Borges’s story is, of course, fiction, but it bears more than a passing resemblance to the content offered on prison tablets. Most available books incarcerated people can read for free are taken from Project Gutenberg, an online repository of more than 70,000 public domain texts. The curated collections on these tablets are overwhelmingly uninteresting and unreadable. There is A Concise Anglo-Saxon Dictionary For the Use of Students, published in 1894; The Euahlayi Tribe: A Study of Aboriginal Life in Australia, published in 1905; The Ruined Cities of Zululand, published in 1869; Yankee Girls in Zulu Land, published in 1888, which, according to WorldCat, is noteworthy because it is “An account of one woman’s experiences in Africa; particularly interesting because of the racist attitudes expressed throughout.”

Why do titles like these comprise the majority of the catalogs on prison tablets? One reason could be that the volume of public domain content available through Project Gutenberg allows tablet companies to proclaim that they provide “more than 30,000 free titles” for incarcerated people to read. This sounds impressive. When you realize that nearly every title is like those listed above, this proudly publicized number transforms from a perhaps small library collection—relative to the roughly two million people that are detained and incarcerated in the United States—to a stunning attempt at obfuscation. If a public or school library contained this content, it would be the shame of any community.

Before public outcry, prison telecom companies charged people to read books that are available at no cost to the public. And they have made millions in profits. While for-profit tablet companies indeed function by generating revenue, it is more puzzling why state and federal prison systems would want to offer outdated, irrelevant, and often biased content—especially when there already exists an alternative infrastructure for providing digital access to materials: public libraries.

For example, New York City’s Riker’s Island contracted with the telecom company APDS to provide detained persons with free access to content specifically created for the tablets by the Brooklyn Public Library.

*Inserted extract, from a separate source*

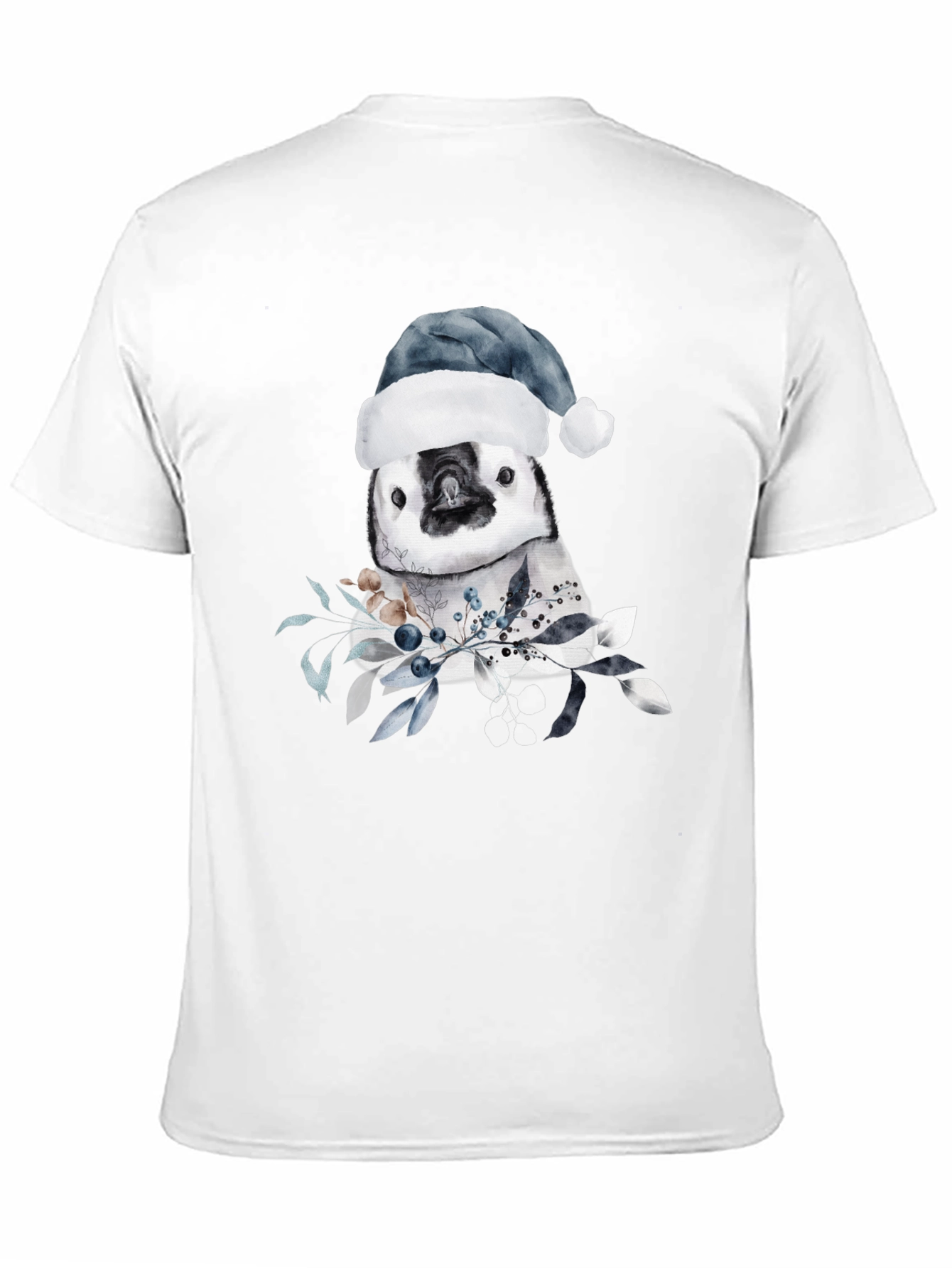 Festive Penguin Graphic Tee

Videos included drawing lessons and astrology, and reading materials from the National Corrections Library were available at no cost. But when the company’s contract expired, NYC’s Department of Corrections did not renew and instead contracted with JPay, whose free reading materials are taken from Project Gutenberg. The company projected $9 million in revenue over five years from the use of tablets by people detained in New York.

This kind of profiteering—even when it comes to books—is not unique to New York. Departments of Correction in Georgia, Michigan, Pennsylvania, and many other states receive kickbacks from prison telecom companies through the sale of media—including books and other reading material, movies, and music—which people purchase because there are few other options. Prison libraries are overwhelmingly understaffed with meager budgets. They’re largely prohibited from accepting donations and hamstrung by prison censorship policies, which are hyperbolic about sexual content—think censoring New Yorker cartoons—and supposed threats to security, such as a map of Westeros, the land in George R. R. Martin’s Game of Thrones.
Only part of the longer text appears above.